- **WORK REQUEST**: Below are records to give again exactly; omit each image they contain.

- **EXTRACTED RECORDS**:
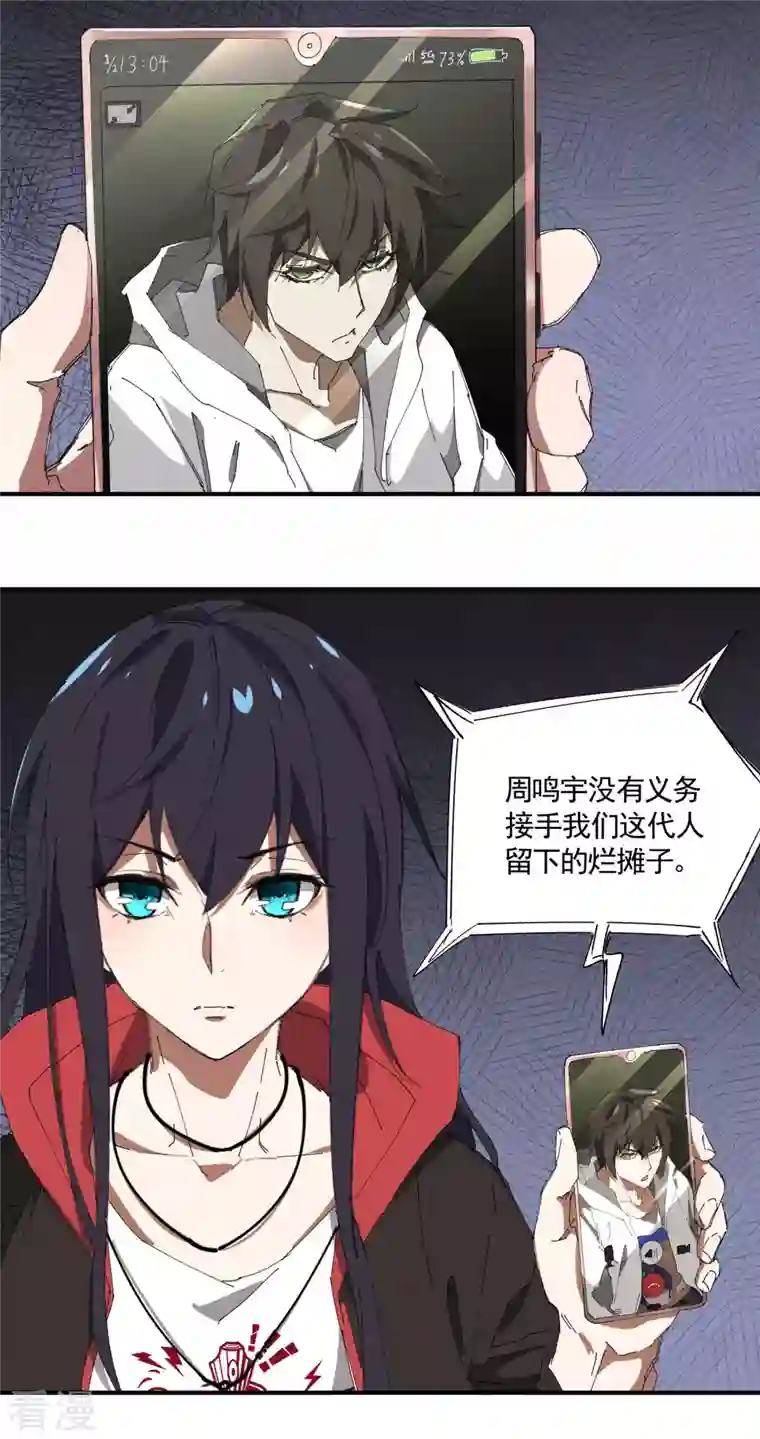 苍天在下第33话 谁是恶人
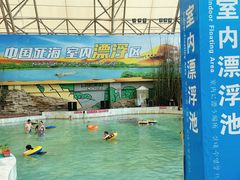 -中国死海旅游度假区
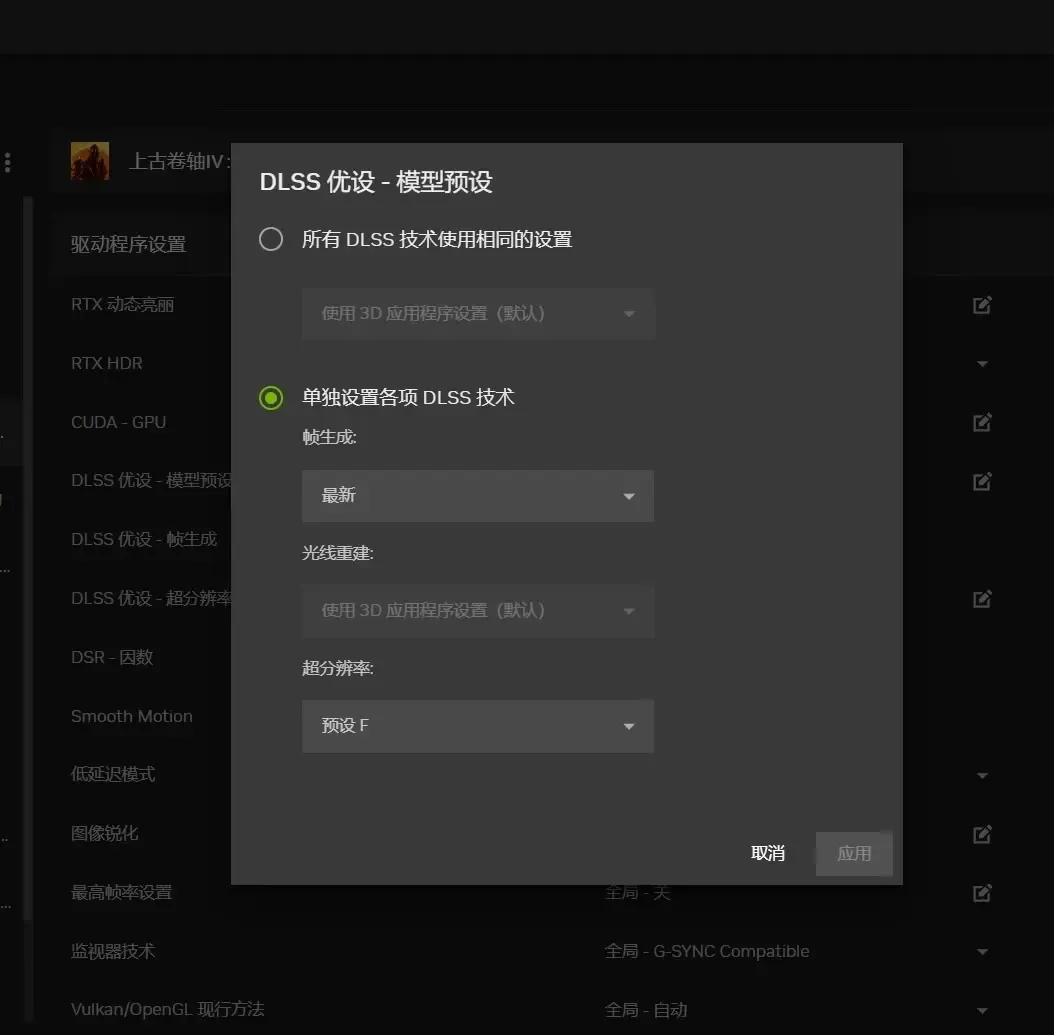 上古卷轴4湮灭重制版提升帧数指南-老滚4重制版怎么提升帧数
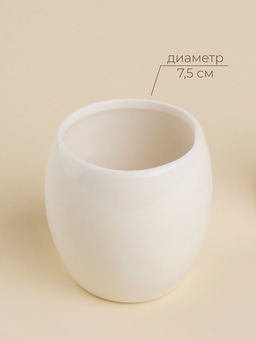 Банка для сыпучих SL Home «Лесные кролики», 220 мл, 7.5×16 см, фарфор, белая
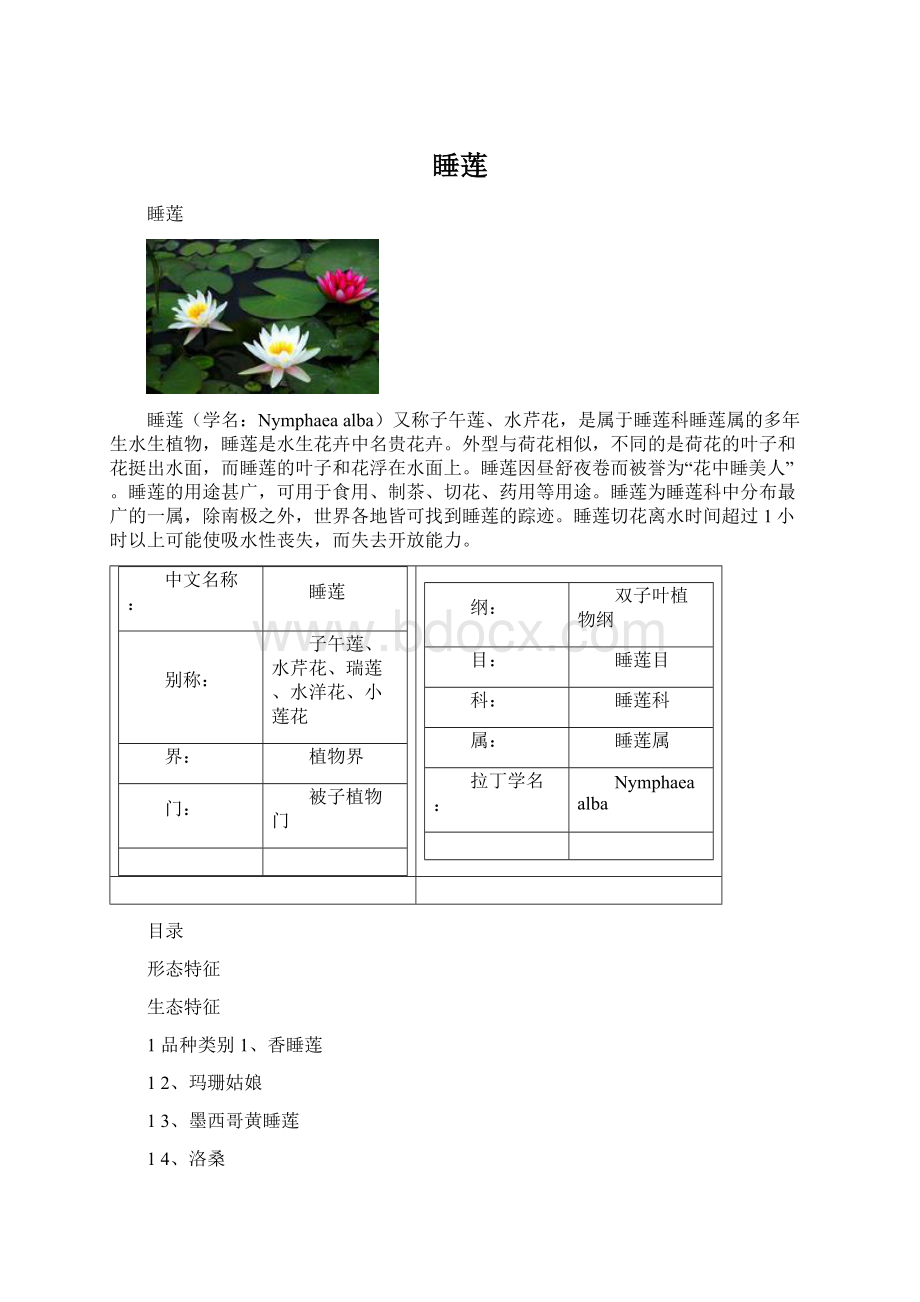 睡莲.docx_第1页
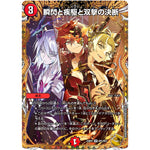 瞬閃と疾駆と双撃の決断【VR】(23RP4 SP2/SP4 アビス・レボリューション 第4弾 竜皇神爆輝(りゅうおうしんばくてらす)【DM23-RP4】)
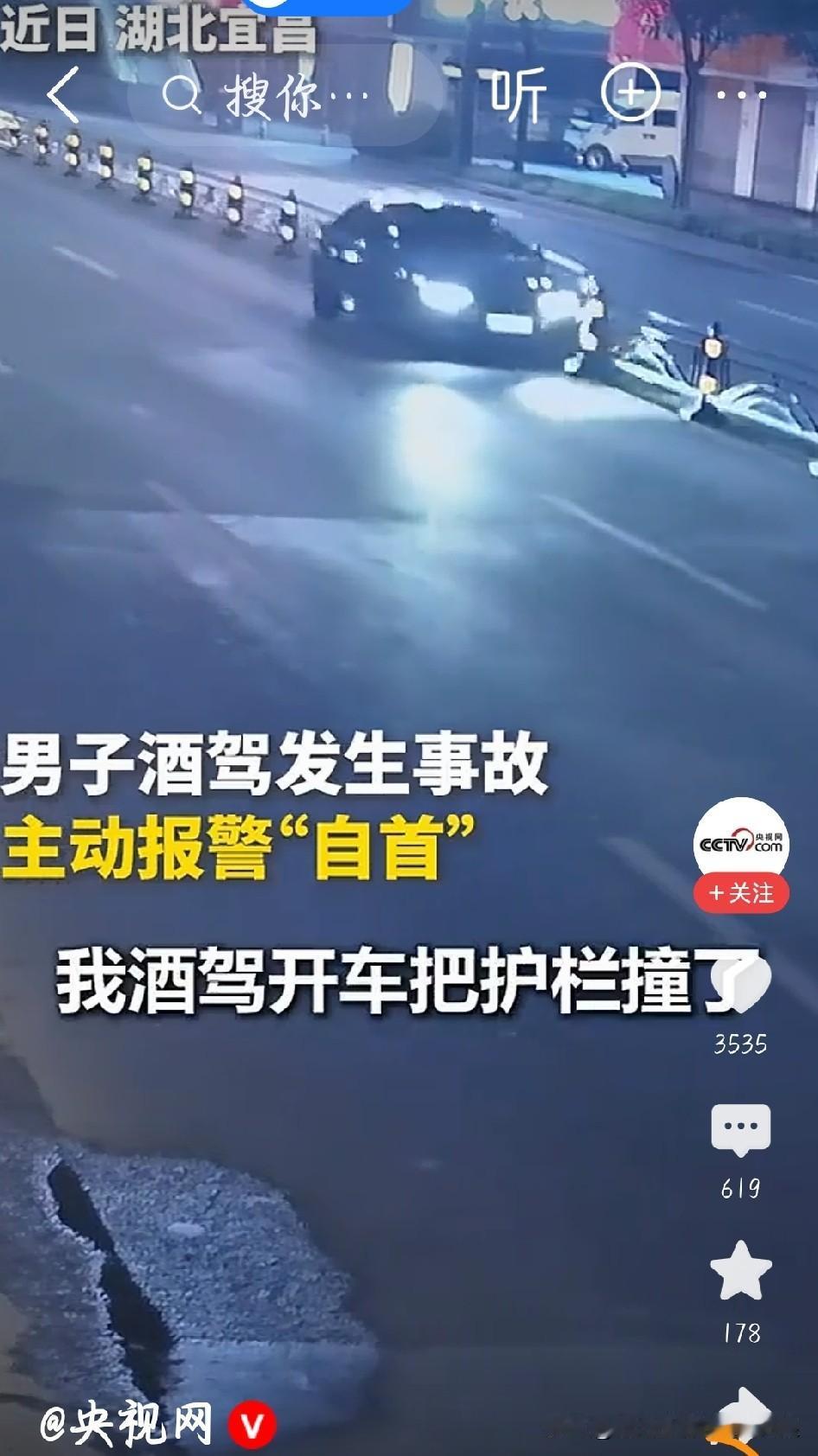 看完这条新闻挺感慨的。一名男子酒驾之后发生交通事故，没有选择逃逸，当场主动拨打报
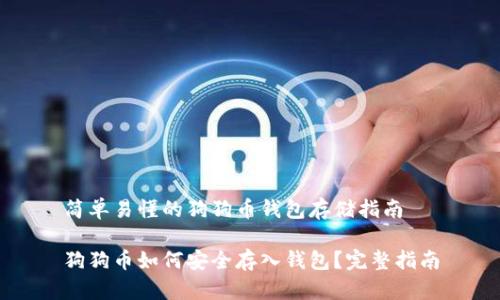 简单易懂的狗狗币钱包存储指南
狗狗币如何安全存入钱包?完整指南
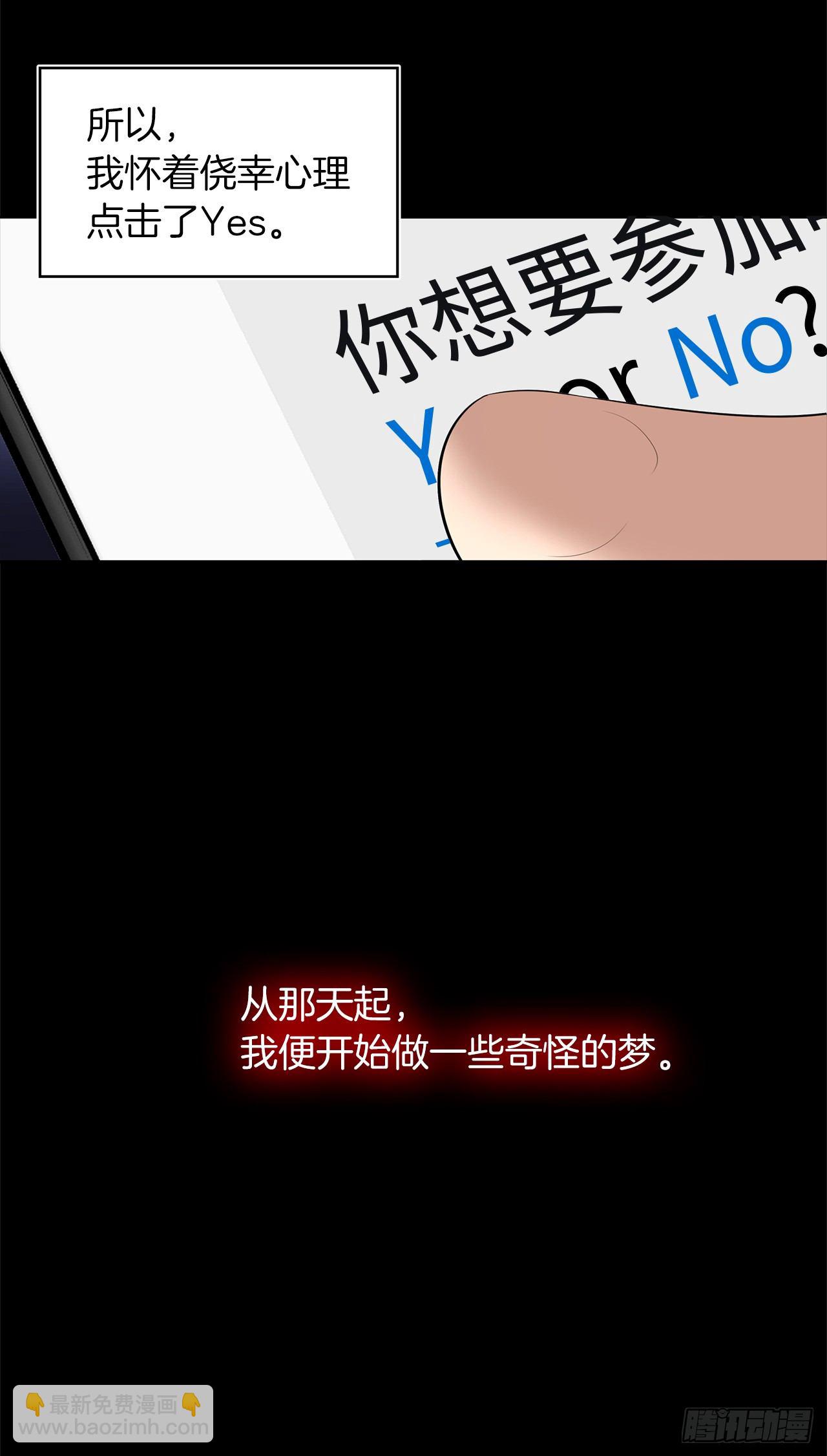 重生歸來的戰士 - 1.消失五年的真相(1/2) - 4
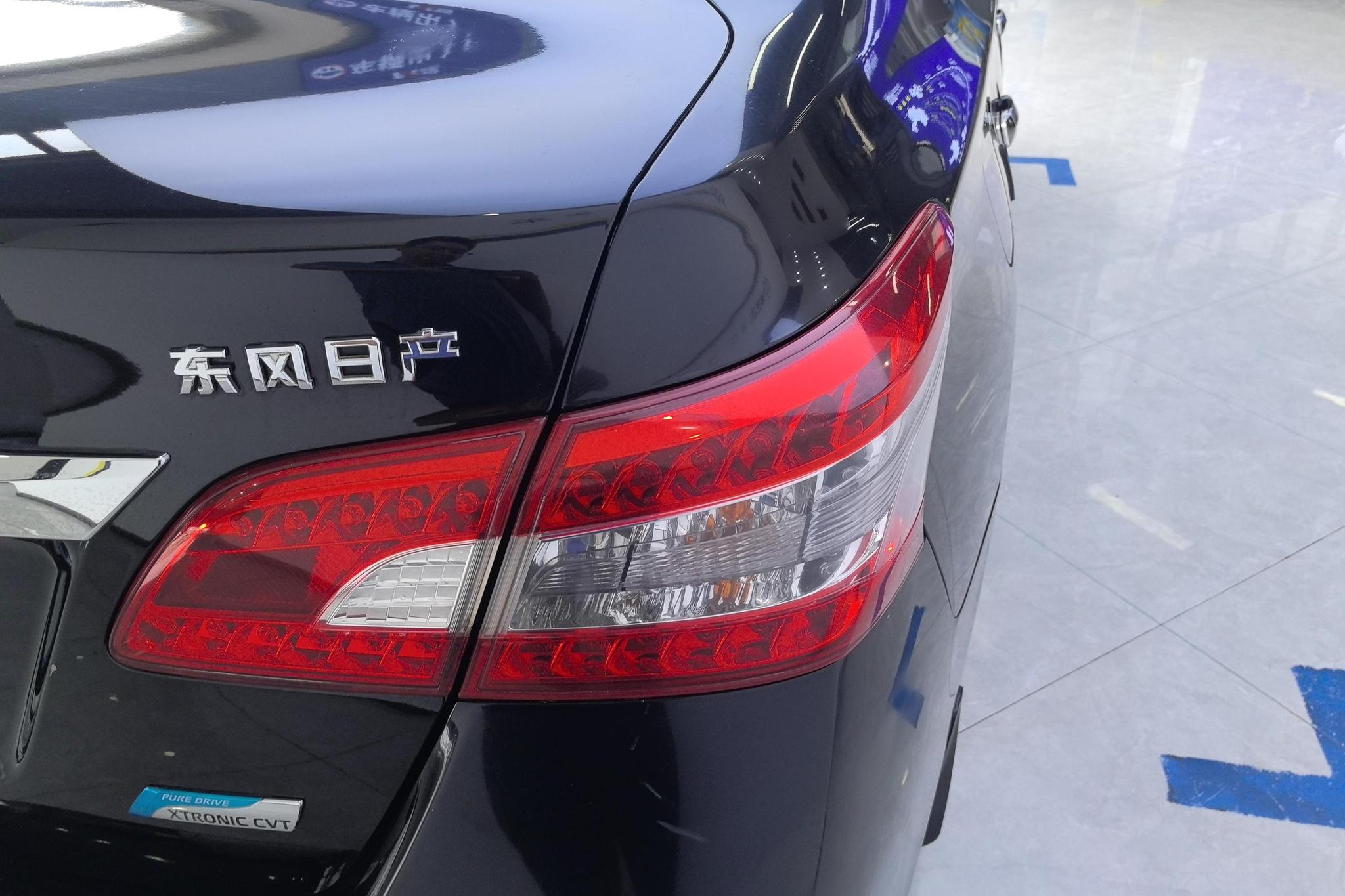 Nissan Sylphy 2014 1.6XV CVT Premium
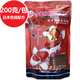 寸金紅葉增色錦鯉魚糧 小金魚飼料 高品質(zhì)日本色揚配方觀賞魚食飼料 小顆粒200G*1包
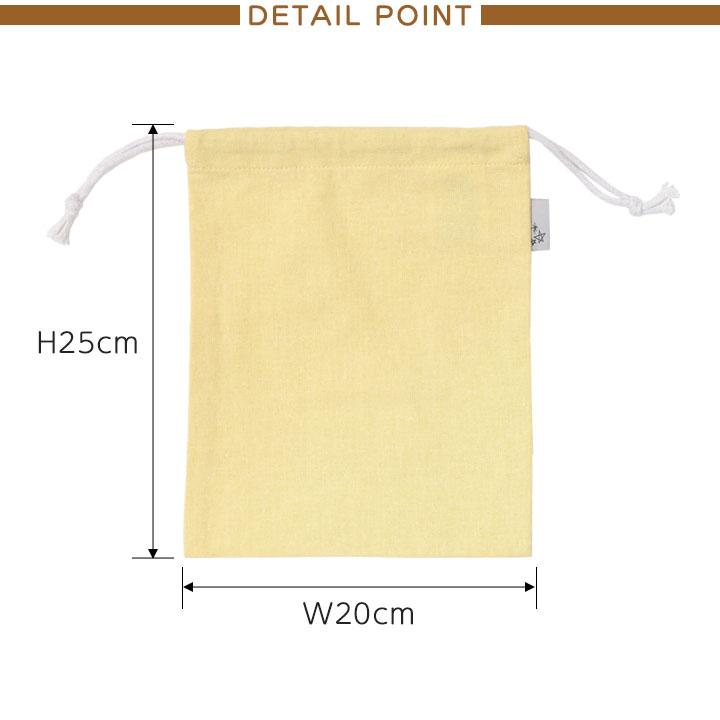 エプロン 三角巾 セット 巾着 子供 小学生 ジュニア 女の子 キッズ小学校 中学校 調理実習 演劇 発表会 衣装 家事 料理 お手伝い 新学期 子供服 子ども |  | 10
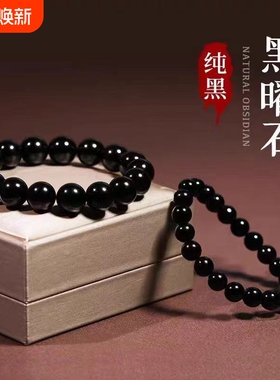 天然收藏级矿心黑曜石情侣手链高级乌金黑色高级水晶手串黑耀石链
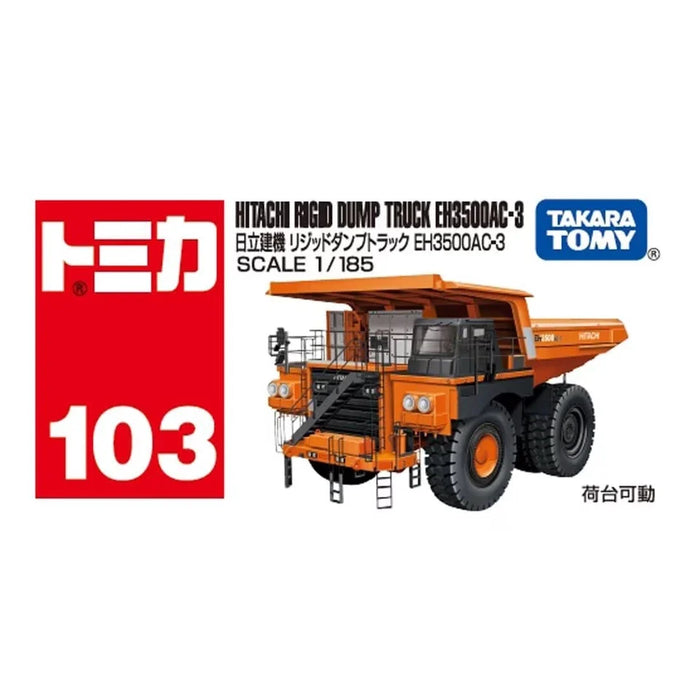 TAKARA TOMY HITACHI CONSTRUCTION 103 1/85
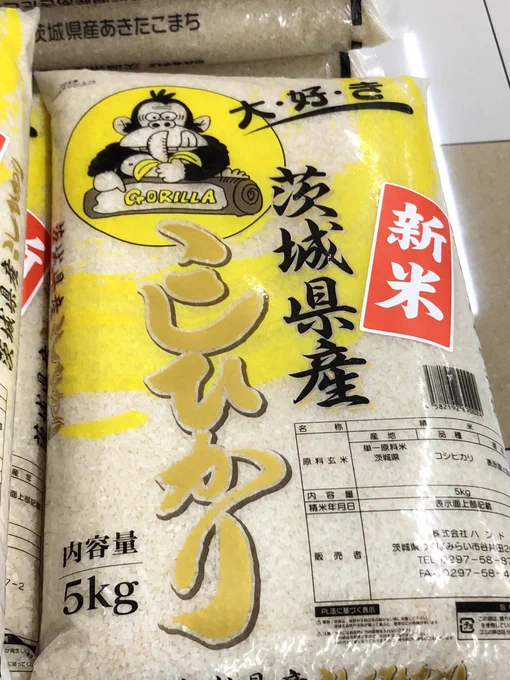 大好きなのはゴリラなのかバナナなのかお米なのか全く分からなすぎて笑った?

- **SOLVED PROBLEM**:
 苍天在下第33话 谁是恶人
 -中国死海旅游度假区
 上古卷轴4湮灭重制版提升帧数指南-老滚4重制版怎么提升帧数
 Банка для сыпучих SL Home «Лесные кролики», 220 мл, 7.5×16 см, фарфор, белая
 睡莲.docx_第1页
 瞬閃と疾駆と双撃の決断【VR】(23RP4 SP2/SP4 アビス・レボリューション 第4弾 竜皇神爆輝(りゅうおうしんばくてらす)【DM23-RP4】)
 看完这条新闻挺感慨的。一名男子酒驾之后发生交通事故，没有选择逃逸，当场主动拨打报
 简单易懂的狗狗币钱包存储指南
狗狗币如何安全存入钱包?完整指南
 重生歸來的戰士 - 1.消失五年的真相(1/2) - 4
 Nissan Sylphy 2014 1.6XV CVT Premium
 寸金紅葉增色錦鯉魚糧 小金魚飼料 高品質(zhì)日本色揚配方觀賞魚食飼料 小顆粒200G*1包
 エプロン 三角巾 セット 巾着 子供 小学生 ジュニア 女の子 キッズ小学校 中学校 調理実習 演劇 発表会 衣装 家事 料理 お手伝い 新学期 子供服 子ども |  | 10
 天然收藏级矿心黑曜石情侣手链高级乌金黑色高级水晶手串黑耀石链
 TAKARA TOMY HITACHI CONSTRUCTION 103 1/85
 大好きなのはゴリラなのかバナナなのかお米なのか全く分からなすぎて笑った?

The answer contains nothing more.